Left victory in Colombia

The electoral victory of Gustavo Petro in Colombia is, without a doubt, one of the most significant political developments in Latin America in the last decade.

     Colombia has traditionally been a stronghold of conservatism. The left and social movements have been routinely devastated for seven decades of unabashed right-wing terror.

     Colombia holds a number of shameful records. It is the most dangerous country in the world in which to be a trade unionist, with more than half the trade unionists killed annually in the world murdered there. It is the country with the biggest internally displaced population: a staggering 8 million. It has one of the worst land distributions in the world, with a Gini coefficient of 0.897 in land distribution and where 0.1 per cent own 59 per cent of the arable land. It is, with Brazil, the most dangerous country in which to be an environmental activist.

     About 1,500 community activists and nearly 400 demobilised guerrillas were assassinated since the peace agreement between the government and FARC-EP guerrillas was signed in 2016.

     These records are the expression of systematic class violence from the tiny oligarchy, with their regional lackeys, against any type of alternative. Four left-wing candidates were murdered before the 1990 elections alone—an election that, had it not been for all these murders, the left wing would in all likelihood have won.

     In the recent election Petro won despite a number of failed attacks against him, while some Petro campaigners were murdered on the election day, including two youths in the Pacific coastal town of Guapi.

     Not surprisingly, Colombia has also been the most closely aligned country to US imperialism in the region. The various Colombian governments for the past decades have slavishly followed all Washington’s dictates. Colombia was the only country to participate in the Korean war in the 1950s; it is the only NATO “ally” in the region; it has served as a platform for destabilising and launching putschist adventures into neighbouring Venezuela; and it has massacred thousands of its own citizens to comply with the US-decreed so-called war on drugs.

     Colombia has been the scene of one of the biggest US military interventions outside the Middle East: “Plan Colombia,” a counter-insurgent operation designed to attack left-wing guerrillas with the excuse of counter-narcotics operations.

     With ten US military bases, Colombia is the third-largest recipient of US military aid (after Israel and Egypt, with Ukraine possibly competing right now).

     Colombia has one of the biggest armies in the hemisphere. Its combined forces—including a militarised police—amount to nearly half a million people. This is not counting the paramilitary tentacles that are often in collusion, if not in open connivance, with the official army. It is no coincidence that one of the first political responses to Petro’s triumph was the resignation of the Colombian ambassador to the United States.

     The importance of the triumph of Petro, therefore, cannot be overstated. This is the expression of a long-brewing malaise against the regime, growing from the very entrails of society.
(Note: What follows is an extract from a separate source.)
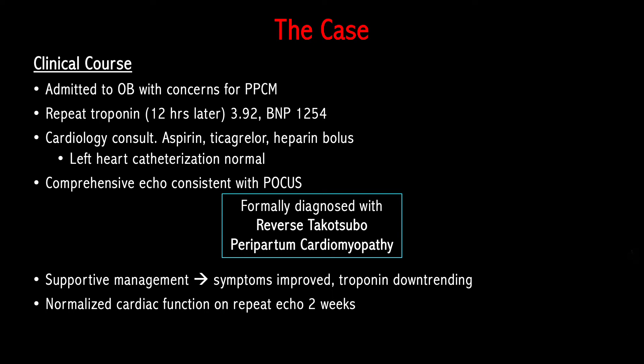She remained stable and was discharged home the following day to follow up with cardiology, and she ultimately did well. Now I'm going to give a brief overview on peripartum cardiomyopathy and Takotsubo cardiomyopathy, and then talk a little more about the basal type variant that our patient had.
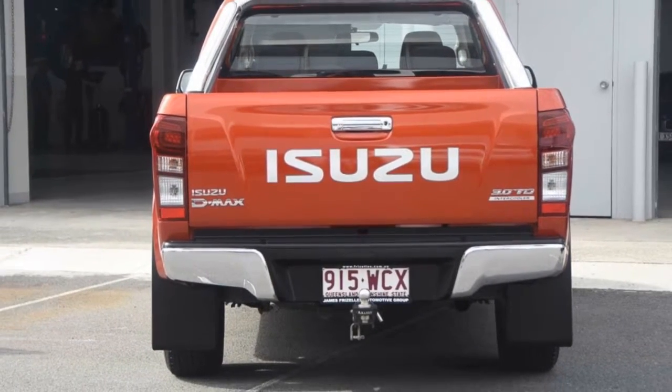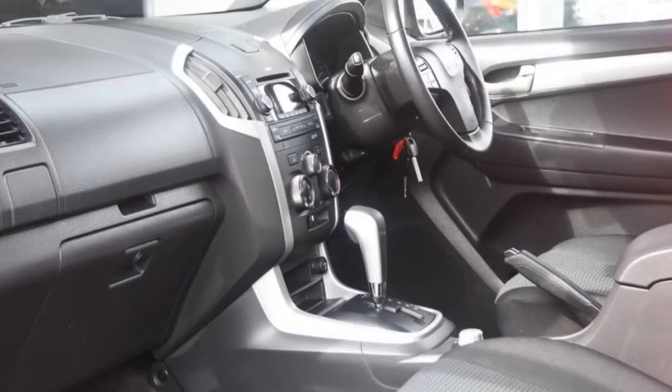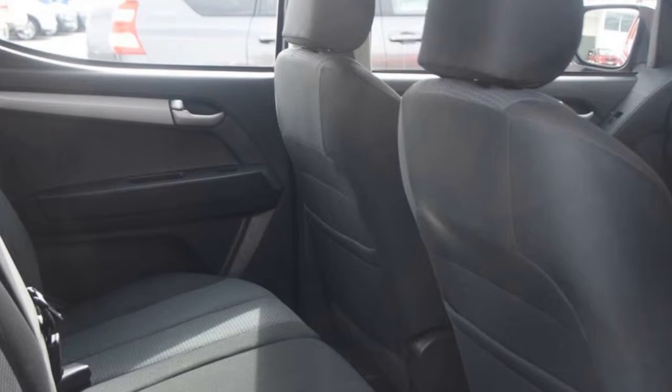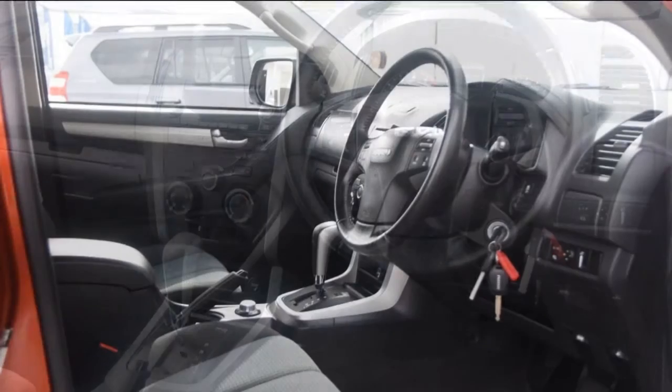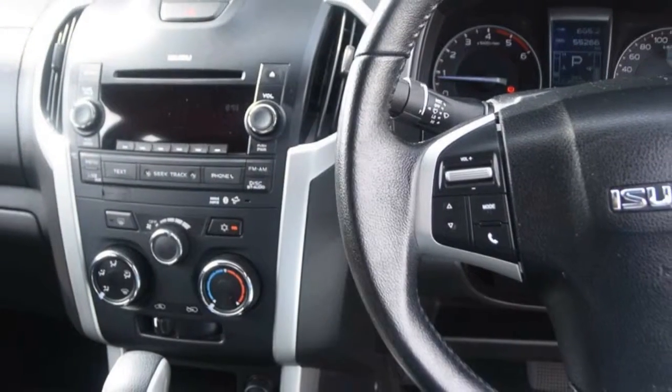The attractive red exterior is complemented by its stylish interior. This vehicle has all the features you could dream of: remote central locking, cruise control, alloy wheels, power steering, air conditioning, a CD player, and more. If you're looking for a first-rate vehicle,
The support for Petro came from those long forgotten, ignored, marginalised: smallholders, indigenous, the urban poor, the black population, impoverished middle classes—all those who had been at the receiving end of the regime’s policies and violence.

     This electoral triumph is the result of the cycle of protests that shook Colombia and its oligarchic peace between 2019 and 2021, which were themselves the expression of a long cycle of protest, which began with the indigenous and sugar workers’ mass protests in 2008.

     Petro won’t have it easy. He assumes power in a country that suffers from endemic dependence on the United States, a country that is broke, with massive inequalities and a rekindled armed conflict. He will face the fierce opposition of the oligarchic politicians who are entrenched in the parliament but also in all the branches and apparatus of the state. His government will face the structural and violent racism of an elite that despises Francia Márquez, an Afro-Colombian activist who has become vice-president.

     This opposition, judging from experience, will not be merely legal but will be willing to mobilise its paramilitary armies to oppose progressive measures.

     Petro, however, has the opportunity to launch a process of change that should go beyond his four-year term, one that depends largely on the power of social mobilisation. None of the challenges he faces will be solved by decree. Redistributive measures regarding the land question and the massive inequalities in the country, developing a sovereign national policy that respects the independence of Colombia’s neighbours, transforming a largely extractive economy into a productive and sustainable one, giving priority to resources to guarantee infrastructure and social services, as opposed to war, a renewed political solution to the continuing armed conflict—they will require both popular mobilisation and political resolve.

     While some of Petro’s political supporters are already whispering about political moderation, he would better listen to the protest rumbles on the streets.

     What has happened in Colombia is nothing short of historic. The “Israel of Latin America”—as the oligarch and former president Juan Manuel Santos fondly described Colombia—received a massive blow, and has begun to change already.